I have only two criticisms and a question:
- Question: do you have a defined story arc that you know the plot and ending to, or are you working from a set of notes and letting the narrative evolve organically where it wants as long as it wants?
- First Criticism: the early plot lines (drug gang, for example) seemed to end a bit too quickly and neatly to be believable in my opinion and even though the main narrator is struggling, it seems to be struggling with the small stuff while always having just what is needed (skills or stuff) on hand when needed. I'm glad to see that you've moved away from this later in the narrative by bringing in others to tell tales of hardship and the narrative has gotten more "messy".
- Second Criticism: You seem to write a good bit slower than I read. When is the next installment?
Keep up the good work and thanks for the entertainment.

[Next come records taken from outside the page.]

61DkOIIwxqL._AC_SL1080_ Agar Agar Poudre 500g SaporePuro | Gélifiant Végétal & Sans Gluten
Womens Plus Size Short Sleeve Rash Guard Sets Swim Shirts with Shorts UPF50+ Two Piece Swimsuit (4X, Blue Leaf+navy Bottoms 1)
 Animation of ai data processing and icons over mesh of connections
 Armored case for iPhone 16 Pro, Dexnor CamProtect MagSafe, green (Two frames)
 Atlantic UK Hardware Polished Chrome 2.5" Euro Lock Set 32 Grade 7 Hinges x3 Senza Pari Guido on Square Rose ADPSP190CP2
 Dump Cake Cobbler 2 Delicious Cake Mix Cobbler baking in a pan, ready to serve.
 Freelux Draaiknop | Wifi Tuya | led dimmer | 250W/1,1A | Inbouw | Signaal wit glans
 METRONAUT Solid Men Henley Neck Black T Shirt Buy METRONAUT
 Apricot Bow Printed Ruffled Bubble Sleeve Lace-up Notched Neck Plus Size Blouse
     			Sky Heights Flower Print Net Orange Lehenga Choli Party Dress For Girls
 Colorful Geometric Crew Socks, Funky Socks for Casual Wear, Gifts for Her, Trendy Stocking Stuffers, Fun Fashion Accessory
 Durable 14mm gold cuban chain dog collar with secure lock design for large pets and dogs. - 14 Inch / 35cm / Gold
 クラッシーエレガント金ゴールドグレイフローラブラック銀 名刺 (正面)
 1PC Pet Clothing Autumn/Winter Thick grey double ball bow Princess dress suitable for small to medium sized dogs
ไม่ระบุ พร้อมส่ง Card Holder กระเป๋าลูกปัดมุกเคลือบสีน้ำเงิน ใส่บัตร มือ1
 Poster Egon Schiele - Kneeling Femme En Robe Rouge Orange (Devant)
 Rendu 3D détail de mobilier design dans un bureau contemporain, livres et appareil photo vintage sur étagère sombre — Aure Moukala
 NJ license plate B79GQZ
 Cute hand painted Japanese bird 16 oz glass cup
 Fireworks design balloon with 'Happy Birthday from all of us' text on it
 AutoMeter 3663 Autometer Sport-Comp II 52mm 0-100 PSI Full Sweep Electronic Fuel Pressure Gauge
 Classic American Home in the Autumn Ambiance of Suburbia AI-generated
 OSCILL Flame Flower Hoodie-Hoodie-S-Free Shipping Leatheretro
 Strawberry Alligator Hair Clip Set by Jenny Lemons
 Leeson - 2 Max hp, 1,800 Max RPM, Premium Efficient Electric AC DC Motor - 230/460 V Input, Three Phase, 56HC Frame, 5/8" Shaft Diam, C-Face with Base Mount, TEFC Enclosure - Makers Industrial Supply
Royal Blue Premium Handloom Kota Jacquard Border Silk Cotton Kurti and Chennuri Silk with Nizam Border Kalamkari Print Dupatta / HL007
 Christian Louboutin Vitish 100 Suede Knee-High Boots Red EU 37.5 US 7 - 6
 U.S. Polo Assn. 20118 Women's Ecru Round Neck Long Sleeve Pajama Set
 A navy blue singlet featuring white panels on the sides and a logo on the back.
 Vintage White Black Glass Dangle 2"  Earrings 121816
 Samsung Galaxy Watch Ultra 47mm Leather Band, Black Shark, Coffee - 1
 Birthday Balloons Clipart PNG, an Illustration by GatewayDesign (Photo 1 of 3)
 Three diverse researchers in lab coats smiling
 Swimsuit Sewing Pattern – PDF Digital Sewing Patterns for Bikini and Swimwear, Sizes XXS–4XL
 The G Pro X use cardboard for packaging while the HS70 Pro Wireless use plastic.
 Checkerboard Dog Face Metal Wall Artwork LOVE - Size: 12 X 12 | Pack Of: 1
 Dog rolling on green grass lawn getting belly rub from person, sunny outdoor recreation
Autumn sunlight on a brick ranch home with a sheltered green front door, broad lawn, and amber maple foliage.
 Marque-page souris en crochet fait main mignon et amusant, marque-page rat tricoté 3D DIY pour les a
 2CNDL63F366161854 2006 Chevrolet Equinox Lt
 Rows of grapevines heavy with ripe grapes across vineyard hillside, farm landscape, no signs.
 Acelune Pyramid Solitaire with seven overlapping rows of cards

Blue_Flame wrote:I really wish I hadn't found this post just now...I'm at workI did take a few minutes to read the first chapter but seeing as how my boss has this crazy idea that I'm being paid to look at boring reports and place orders not read all these awesome posts I do believe it's time to close the tab.
Rumsfeld wrote:Mudinyeri,
I just wanted to say thank you for allowing criticism on your board. I would love more than anything critique to your work because it sounds like you have an awesome story that will excite me if I read it. Good luck on your writing.